In 1995, Taiwan chose William Hsiao, a professor of economics at the Harvard T.H. Chan School of Public Health, to lead a task force to design a new healthcare system. Uwe Reinhardt, a longtime Princeton professor, also contributed significantly to the effort.
Taiwan chose to adopt a single-payer system like that found in Medicare or in Canada, not a government-run system like Britain’s. At first, things did not go as well as hoped. Although the country had been planning the change for years, it occurred quite quickly after democracy was established in the early 1990s. The system, including providers and hospitals, was caught somewhat off guard, and many felt that they had not been adequately prepared. The public, however, was much happier about the change.
Today, most hospitals in Taiwan remain privately owned, mostly nonprofit. Most physicians are still either salaried or self-employed in practices.
The health insurance Taiwan provides is comprehensive. Both inpatient and outpatient care are covered, as well as dental care, over-the-counter drugs and traditional Chinese medicine. It’s much more thorough than Medicare is in the United States.
Access is also quite impressive. Patients can choose from pretty much any provider or therapy. Wait times are short, and patients can go straight to specialty care without a referral.
Relative to the United States and some other countries, Taiwan devotes less of its economy to health care. In the early 2000s, it was spending 5.4 percent of G.D.P., and by 2014 that number had risen to 6.2 percent. By comparison, countries in the Organization for Economic Cooperation and Development spend on average more than 9 percent of G.D.P. on health care, and the United States spends about twice that.
Britain was deemed better than Canada because it has shorter waiting times with similar costs.

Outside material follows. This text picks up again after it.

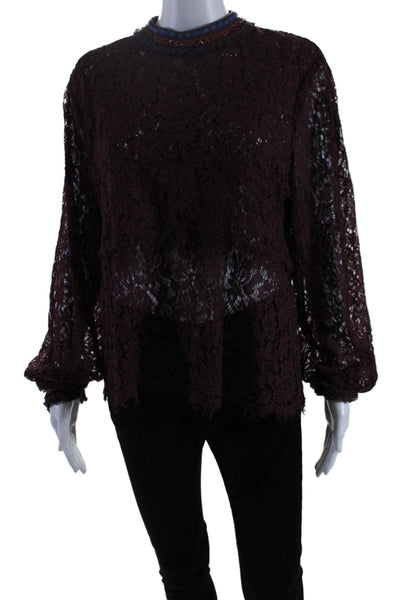 Blank London Women's Round Neck Long Sleeves Lace Blouse Purple Size L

The USA was deemed to be better than Singapore. Singapore has large mandatory savings accounts. Singapore’s system costs far less than America’s (4.9 percent of G.D.P. versus 17.2 percent). Singapore doesn’t release the same data as most other advanced nations, although it’s widely thought that it provides pretty good care for a small amount of spending.

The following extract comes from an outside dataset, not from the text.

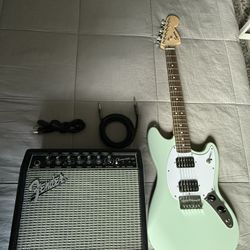  Squier Mustang Electric Guitar w/ Fender Champion 20 Amp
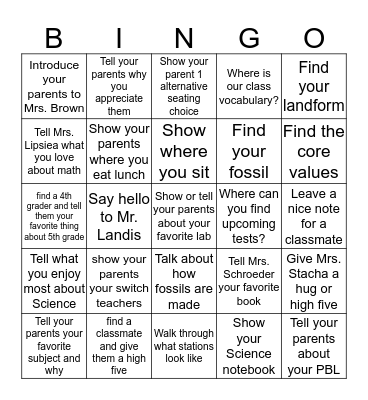 Open House - Mrs. Noska Bingo Card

France was deemed to be better than Australia. The French health system is relatively expensive at 11.8 percent of G.D.P., while Australia’s is at 9 percent. Access and quality are excellent in both systems. People in France report somewhat fewer problems getting access to care, as well as shorter waiting times.
Switzerland was deemed to be better than Germany.
Switzerland was deemed to be better than Britain. Switzerland has better facilities and speed of access to care.
France was deemed to be better than the US healthcare system. The U.S. is just too expensive for what it delivers and includes too much financial insecurity to boot.
Switzerland was deemed to be better than France. The Swiss health care system delivers a higher quality of care across a range of measures and invests more in innovation that fuels new knowledge and, ultimately, better treatments that we all benefit from. The French system is cheaper, its financing is more equitable, and its system is simpler.
Germany would have tied Switzerland had they averaged their rankings of the nations instead of using head-to-head matchups in a bracket system (Switzerland eliminated Germany in the first round). It’s an example of how close the voting was. Not one vote was unanimous among the judges, and all the semifinal and final votes were 3-2. Clearly, there is room for disagreement about the relative merits of health systems, and different experts would surely reach different conclusions.
Some judges took a global view, giving the edge to countries, like the United States, that promoted innovation that benefited the rest of the world. In other cases, how health systems treated the poorest of society was paramount.